# WORK INSTRUCTIONS
Each entry below is to be returned exactly, with any pictures left out.

# LISTED ENTRIES
**********
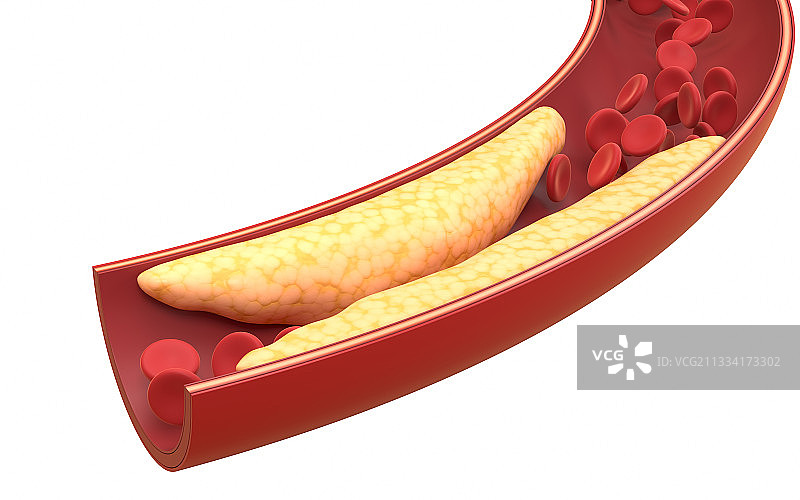 血管中的脂肪与红细胞 3D渲染图片素材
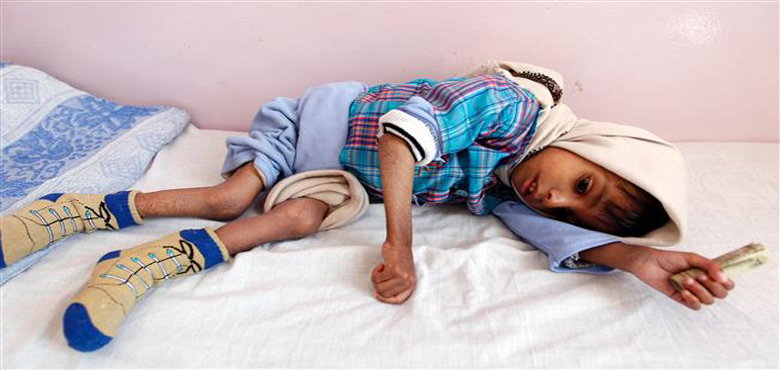 یمن میں زیادہ تر عام شہری جاں بحق ہو رہے ہیں : اقوام متحدہ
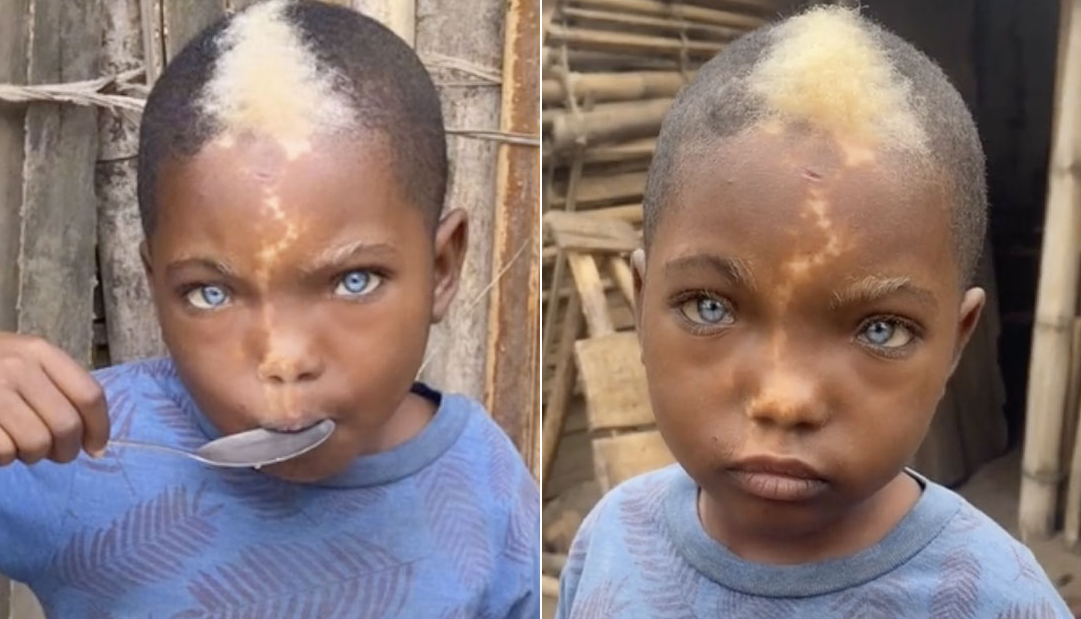 Boy with white hairs, lightning mark down his face and natural blue eyes goes viral because of his distinctive features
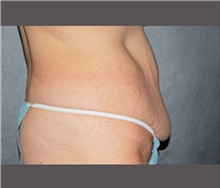 Tummy Tuck Before Photo by Robert Wilcox, MD; Plano, TX - Case 30173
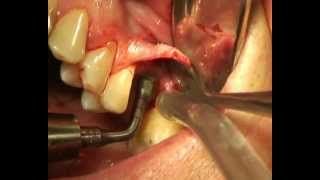 Intralift internal sinus lift procedure [upl. by Notlit]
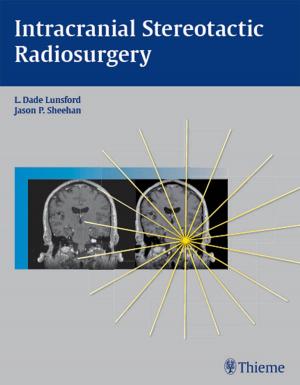 Cover of the book Intracranial Stereotactic Radiosurgery by Rod Rohrich, Jamil Ahmad
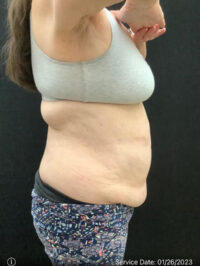 Tummy Tuck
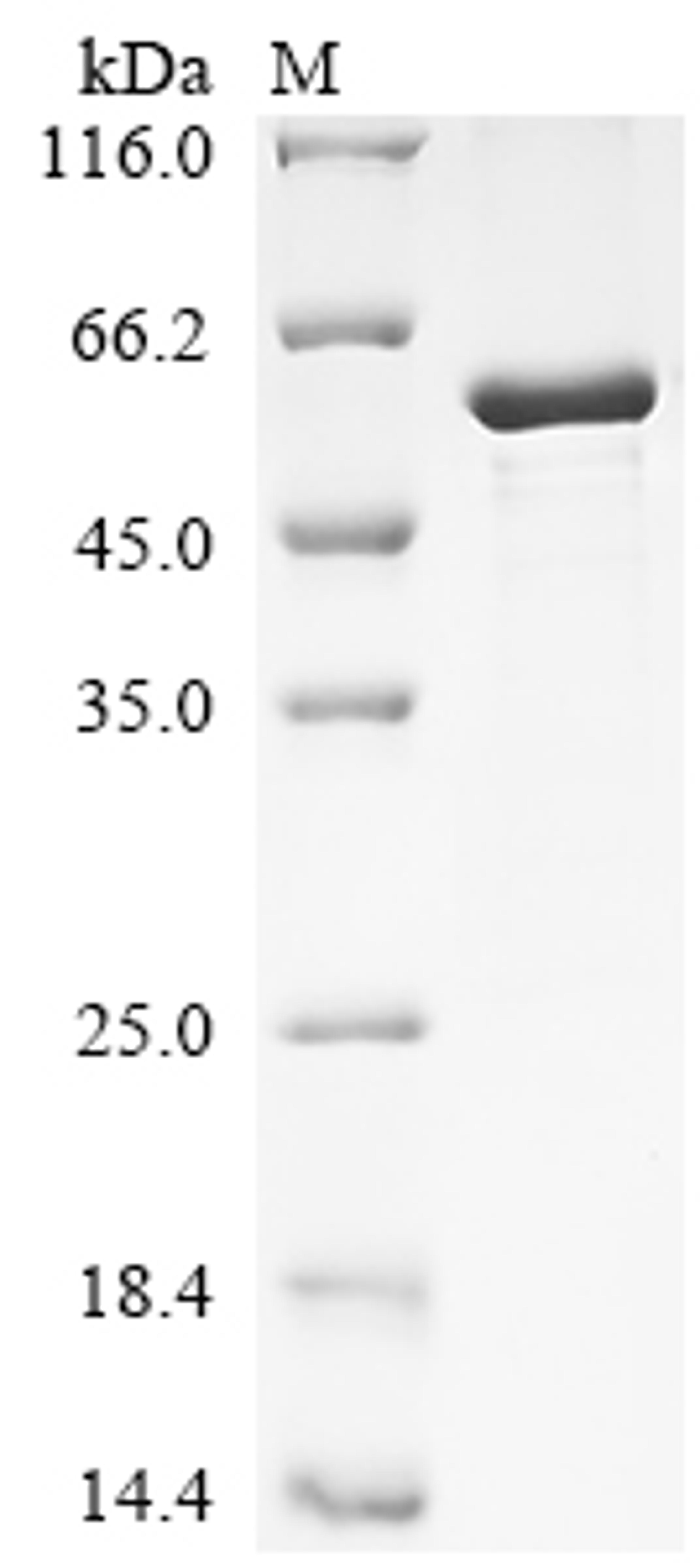 (Tris-Glycine gel) Discontinuous SDS-PAGE (reduced) with 5% enrichment gel and 15% separation gel.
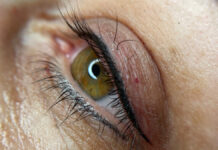 Aspekty techniczne makijażu permanentnego. Cz. 3. Pigmentacja powiek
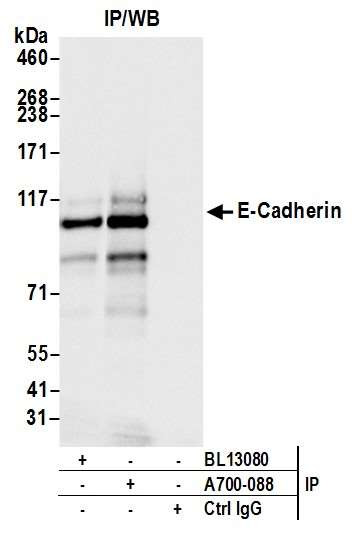 E-Cadherin Antibody in Immunoprecipitation (IP)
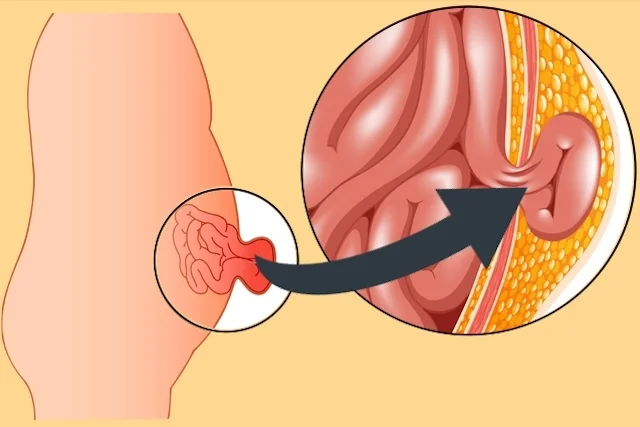 Anatomy diagram illustrating Hernia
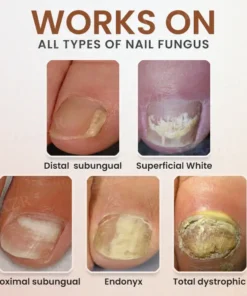 Piguiay® Nails Repairing Serum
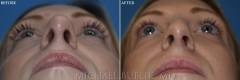 rhinoplasty-AP-2022-base-view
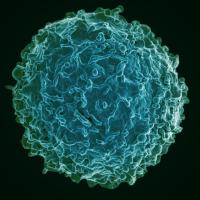Colorized scanning electron micrograph of a B cell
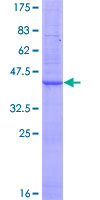 ORMDL3 Protein - 12.5% SDS-PAGE of human ORMDL3 stained with Coomassie Blue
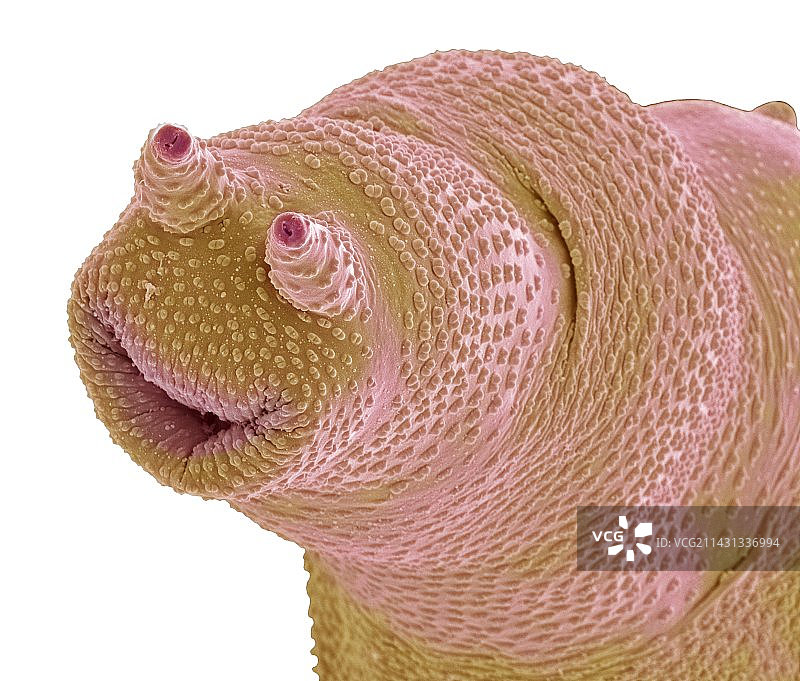 蛭形轮虫，扫描电镜图片素材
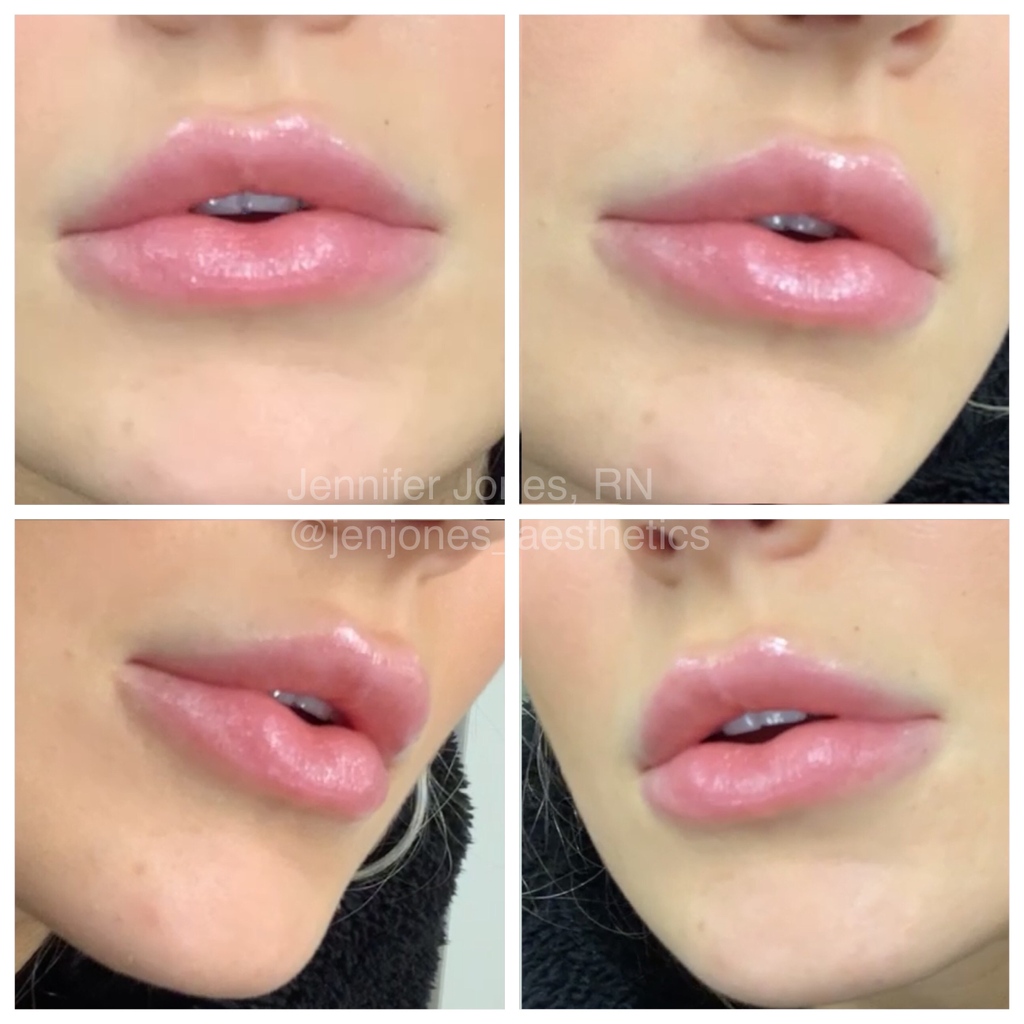 Nayak Plastic Surgery & Avani Derm Spa tweet media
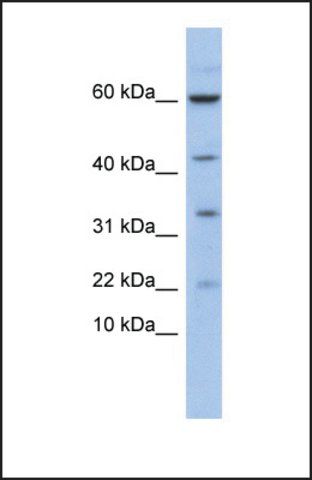 Anti-LMO2, (N-terminal) antibody produced in rabbit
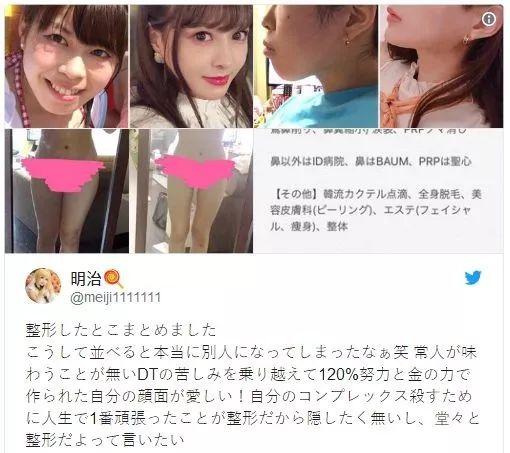 日本年轻女人整容前后对比（日本妹子花700万整成小仙女）(4)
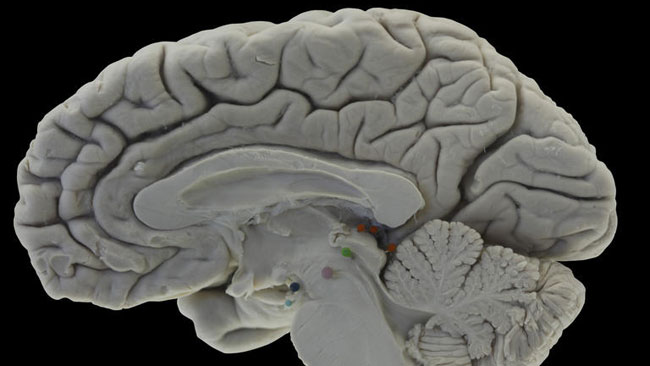 tlmd_cerebro_humano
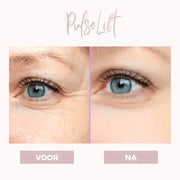 GlowLift – Firm & Smooth Eye Contour with Gentle Therapy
**********
# RESULT
 血管中的脂肪与红细胞 3D渲染图片素材
 یمن میں زیادہ تر عام شہری جاں بحق ہو رہے ہیں : اقوام متحدہ
 Boy with white hairs, lightning mark down his face and natural blue eyes goes viral because of his distinctive features
 Tummy Tuck Before Photo by Robert Wilcox, MD; Plano, TX - Case 30173
 Intralift internal sinus lift procedure [upl. by Notlit]
 Cover of the book Intracranial Stereotactic Radiosurgery by Rod Rohrich, Jamil Ahmad
 Tummy Tuck
 (Tris-Glycine gel) Discontinuous SDS-PAGE (reduced) with 5% enrichment gel and 15% separation gel.
 Aspekty techniczne makijażu permanentnego. Cz. 3. Pigmentacja powiek
 E-Cadherin Antibody in Immunoprecipitation (IP)
 Anatomy diagram illustrating Hernia
 Piguiay® Nails Repairing Serum
 rhinoplasty-AP-2022-base-view
Colorized scanning electron micrograph of a B cell
 ORMDL3 Protein - 12.5% SDS-PAGE of human ORMDL3 stained with Coomassie Blue
 蛭形轮虫，扫描电镜图片素材
 Nayak Plastic Surgery & Avani Derm Spa tweet media
 Anti-LMO2, (N-terminal) antibody produced in rabbit
 日本年轻女人整容前后对比（日本妹子花700万整成小仙女）(4)
 tlmd_cerebro_humano
 GlowLift – Firm & Smooth Eye Contour with Gentle Therapy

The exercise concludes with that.